Below are some records; quote exactly the lines from the one that contains "Klimatyzowane studio 27,6m2" through the one that contains "Microcontroler PIC 256kB 2,5-3,6V SMD TQFP44", inclusive, and no others.
□ □ □ □ □ □ □
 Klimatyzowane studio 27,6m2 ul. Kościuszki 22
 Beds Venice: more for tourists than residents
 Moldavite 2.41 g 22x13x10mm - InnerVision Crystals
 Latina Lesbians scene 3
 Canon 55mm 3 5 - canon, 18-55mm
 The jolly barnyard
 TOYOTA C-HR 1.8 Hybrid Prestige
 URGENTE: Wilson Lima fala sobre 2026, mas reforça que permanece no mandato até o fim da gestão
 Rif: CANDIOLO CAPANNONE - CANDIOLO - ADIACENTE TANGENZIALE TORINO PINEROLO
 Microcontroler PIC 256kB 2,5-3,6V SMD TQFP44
□ □ □ □ □ □ □
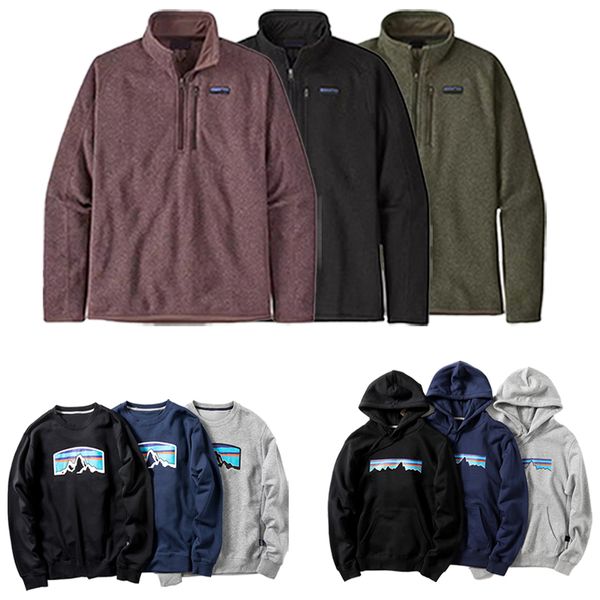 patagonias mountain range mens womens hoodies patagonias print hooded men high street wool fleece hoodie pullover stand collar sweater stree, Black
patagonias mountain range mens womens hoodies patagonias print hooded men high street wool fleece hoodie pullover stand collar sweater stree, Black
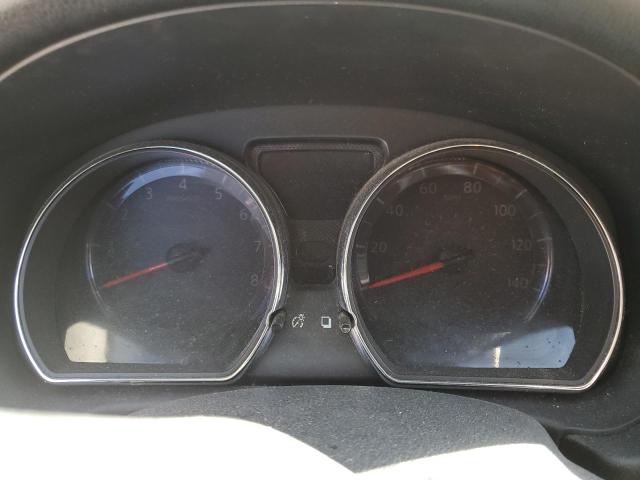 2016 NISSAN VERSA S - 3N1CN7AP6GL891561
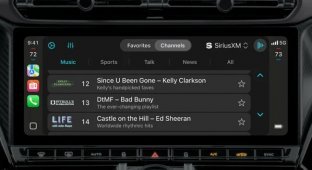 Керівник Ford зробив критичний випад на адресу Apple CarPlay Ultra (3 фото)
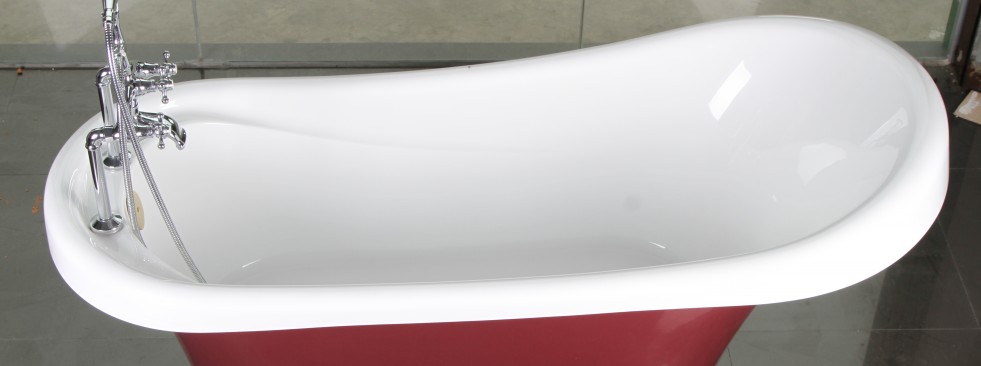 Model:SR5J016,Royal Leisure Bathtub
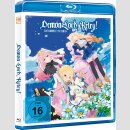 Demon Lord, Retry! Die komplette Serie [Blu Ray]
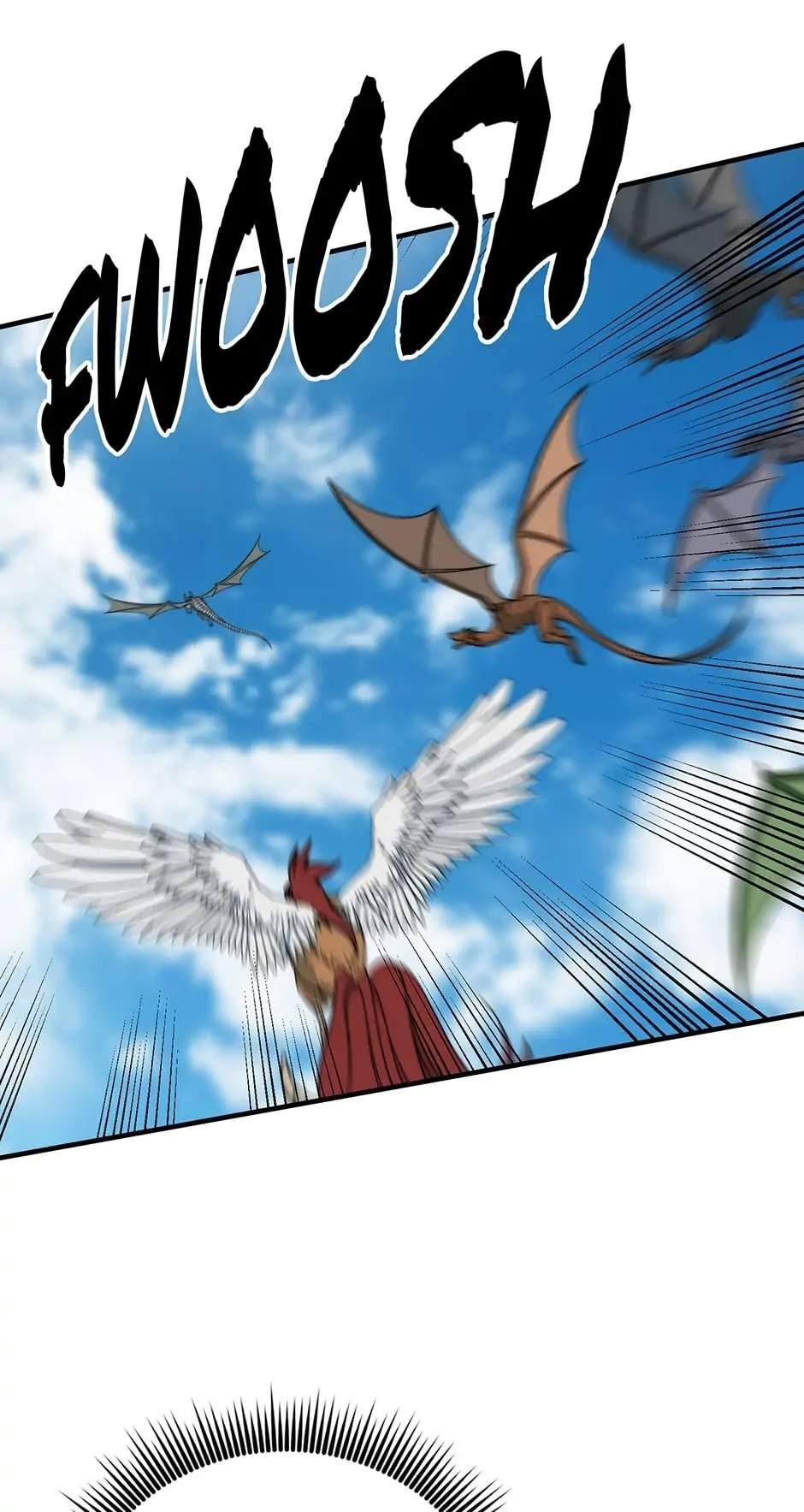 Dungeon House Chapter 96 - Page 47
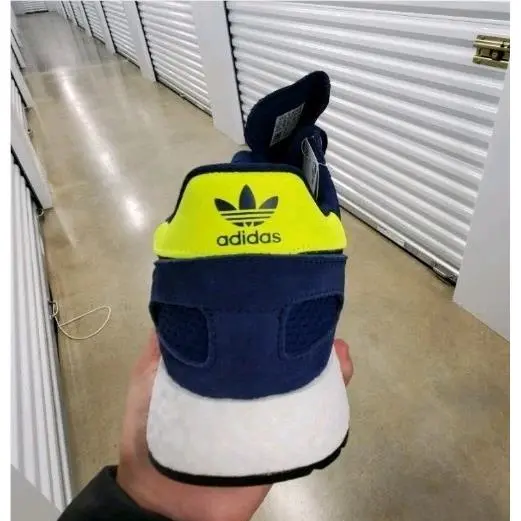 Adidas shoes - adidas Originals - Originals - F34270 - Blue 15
□ □ □ □ □ □ □
Result of the task ->
 Klimatyzowane studio 27,6m2 ul. Kościuszki 22
 Beds Venice: more for tourists than residents
 Moldavite 2.41 g 22x13x10mm - InnerVision Crystals
 Latina Lesbians scene 3
 Canon 55mm 3 5 - canon, 18-55mm
 The jolly barnyard
 TOYOTA C-HR 1.8 Hybrid Prestige
 URGENTE: Wilson Lima fala sobre 2026, mas reforça que permanece no mandato até o fim da gestão
 Rif: CANDIOLO CAPANNONE - CANDIOLO - ADIACENTE TANGENZIALE TORINO PINEROLO
 Microcontroler PIC 256kB 2,5-3,6V SMD TQFP44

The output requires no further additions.